Na verdade, essas pessoas apenas não acreditam nas palavras do governador. Para elas, é como se Aécio estivesse apenas fazendo um jogo de cena, fingindo que já teria tomado uma decisão sobre algo que, na verdade, permaneceria em aberto e que continuaria a fazer parte de seus cálculos. Inversamente ao que afirma, a hipótese de ser vice de Serra ainda estaria viva em seus planos.
Tudo se resumiria a uma questão de oportunidade, da escolha da hora certa em que Serra formalizaria o convite e Aécio aceitaria. Nada além de encontrar o jeito de se aproximar do outro com uma abordagem irrecusável, de, como um bom sedutor, fazer a proposta à qual ele não resistiria. Depois de cortejá-lo, de dar o bote.
Faz mais de ano que o assunto vai e vem, sem que Aécio tenha feito nem sequer um movimento que sustente a tese. Ao contrário, tudo o que ele fez foi na direção oposta.
Não havia nenhuma razão para que ele considerasse previamente encerrada a discussão sobre como seu partido iria participar da sucessão de Lula. Serra sempre esteve bem nas pesquisas, mas isso nunca foi motivo para que sua candidatura tivesse que ser encarada como inexorável e única.
De um lado, por sua vantagem ser, em grande parte, explicada pelo seu maior nível de conhecimento, fruto da participação em uma disputa nacional e várias majoritárias em São Paulo. De outro, pelo próprio Serra haver desistido de concorrer na eleição passada (quando tinha números semelhantes), ao perceber que suas chances de perder eram altas.

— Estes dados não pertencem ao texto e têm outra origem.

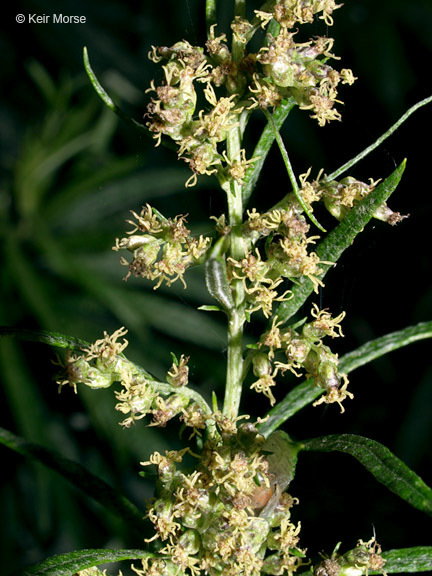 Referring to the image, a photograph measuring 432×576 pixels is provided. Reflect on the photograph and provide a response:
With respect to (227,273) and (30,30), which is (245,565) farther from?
(30,30)

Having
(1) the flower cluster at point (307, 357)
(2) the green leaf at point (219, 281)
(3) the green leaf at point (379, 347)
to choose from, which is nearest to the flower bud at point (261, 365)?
(1) the flower cluster at point (307, 357)

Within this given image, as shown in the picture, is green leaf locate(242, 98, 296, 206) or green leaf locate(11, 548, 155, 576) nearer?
green leaf locate(11, 548, 155, 576)

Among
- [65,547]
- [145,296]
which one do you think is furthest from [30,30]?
[65,547]

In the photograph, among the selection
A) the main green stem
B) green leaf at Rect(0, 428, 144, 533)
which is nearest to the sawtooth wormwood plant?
the main green stem

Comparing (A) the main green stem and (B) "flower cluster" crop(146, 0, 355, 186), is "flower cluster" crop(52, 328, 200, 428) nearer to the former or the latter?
(A) the main green stem

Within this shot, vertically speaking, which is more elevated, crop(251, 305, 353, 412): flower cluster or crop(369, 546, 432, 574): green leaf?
crop(251, 305, 353, 412): flower cluster

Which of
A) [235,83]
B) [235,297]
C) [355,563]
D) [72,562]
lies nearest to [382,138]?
[235,83]

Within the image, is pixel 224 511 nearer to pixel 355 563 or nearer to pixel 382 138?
pixel 355 563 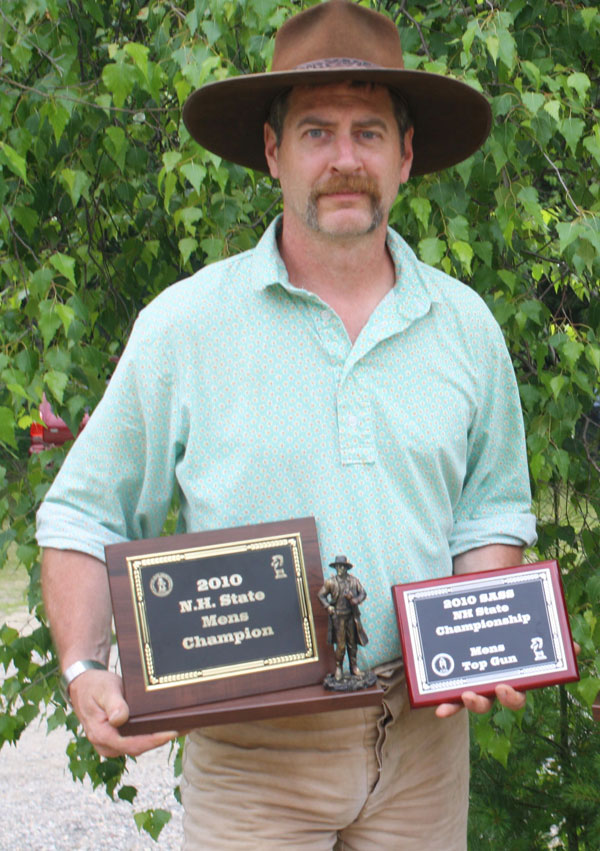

Quando, ainda em 2008, Aécio começou a defender que o PSDB fizesse prévias entre seus filiados para escolher o nome que o representaria na eleição, ele estava genuinamente convencido de que elas eram possíveis e salutares para o partido.
Talvez levando em conta o quanto haviam sido instrumentais para que Obama se tornasse candidato frente ao favoritismo de Hillary Clinton, ele lutou durante meses para que fossem adotadas.
Não foi por manobra ou sabedoria de alguém que elas não aconteceram. Como todos os partidos brasileiros, salvo o PT, o PSDB mal sabe quantos são seus filiados, para não dizer seus endereços. Se, em anos anteriores, tivesse havido mais preocupação em manter atualizado esse cadastro, as prévias tucanas poderiam perfeitamente ter sido realizadas.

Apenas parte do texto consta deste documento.